There are reports in the press that Irrfan Khan‘s new film Madaari is about vigilantism against corruption. But, Irrfan Khan says otherwise. “I don’t play a vigilante in Madaari. I play a man who feels the system has collapsed completely and there is a need for a reform. My character is not based on any one individual. Nor is the film an attack on my one political ideology,” says Irrfan Khan.
Irrfan Khan feels the reformist resonances of Madaari could have far-reaching ramifications. “It’s a very powerful subject in the thriller genre. But the drama and human emotions are not drowned in the thriller element. While the narrative remains true to the genre the human emotions get a lot of play in the script.

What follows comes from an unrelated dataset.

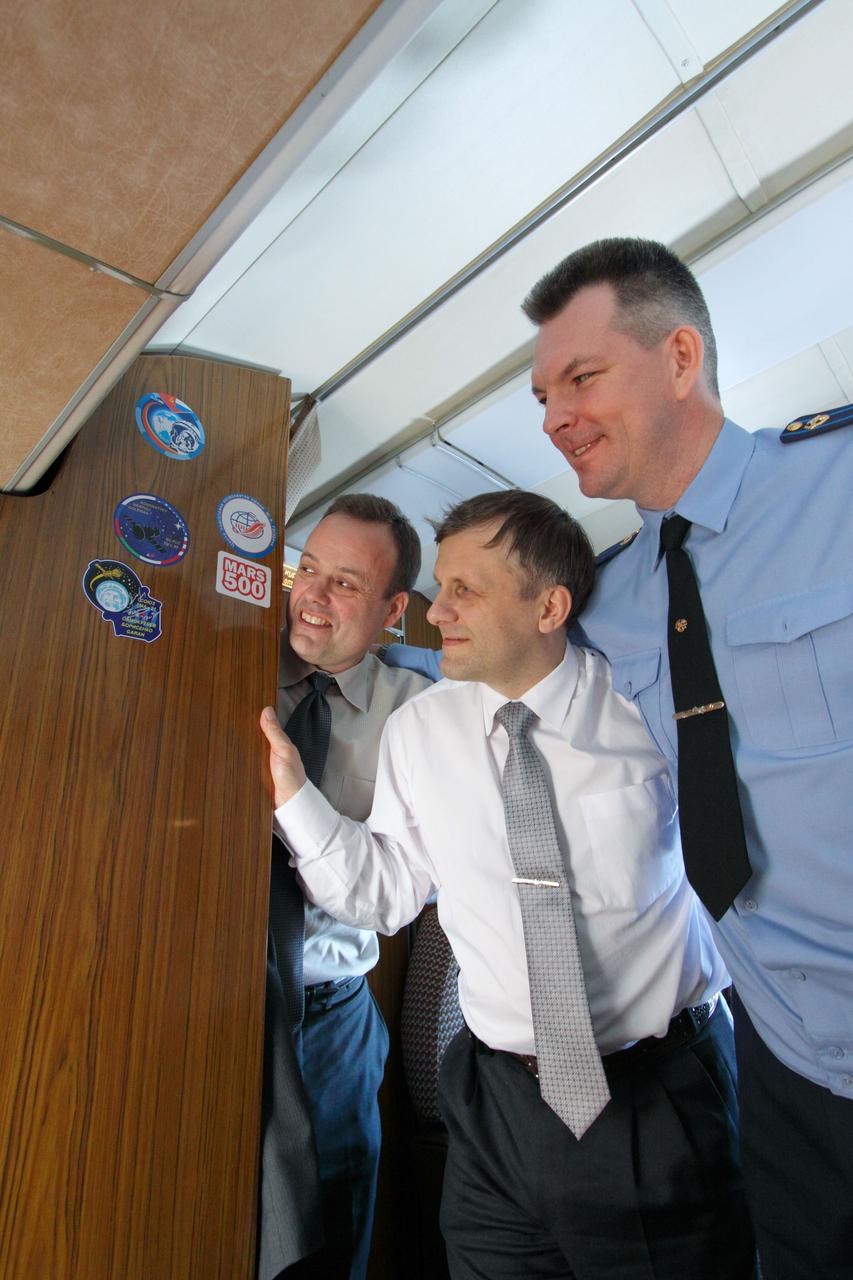 Expedition 27 Flight Engineer Ron Garan of NASA (left), Flight Engineer Andrey Borisenko (center) and Soyuz Commander Alexander Samokutyaev (right) admire their Soyuz crew patch aboard a Gagarin Cosmonaut Training Center plane as they flew from Star City, Russia to the Baikonur Cosmodrome in Kazakhstan March 21, 2011. There, they will complete training for their launch April 5 (April 4, U.S. time) on the Soyuz TMA-21 spacecraft to the International Space Station. Credit: NASA/Victor Zelentsov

This is what I like about this script.”
The film is about a father who loses his child. Being a father of two sons did Irrfan Khan dig into his own emotional reservoir to play the grieving father in Madaari?
“Never! I never do that. Because, if, as an actor, you begin to delve deep into your own personal emotions and experiences it can get very dangerous for you. I never draw connections between my own life and the characters I play. I leave my characters on the sets when I return home.”
Not many know this. But Madaari is Irrfan Khan’s third project with director Nishikant Kamat. “Everyone knows we did Mumbai Meri Jaan together. And now, there is Madaari. But, before that he shot the pilot of a television serial many years ago with me. So we go back a long way.”
Irrfan Khan sees a lot in common between himself and Nishikant Kamat, “We are both focused on our work to the exclusion of everything else.”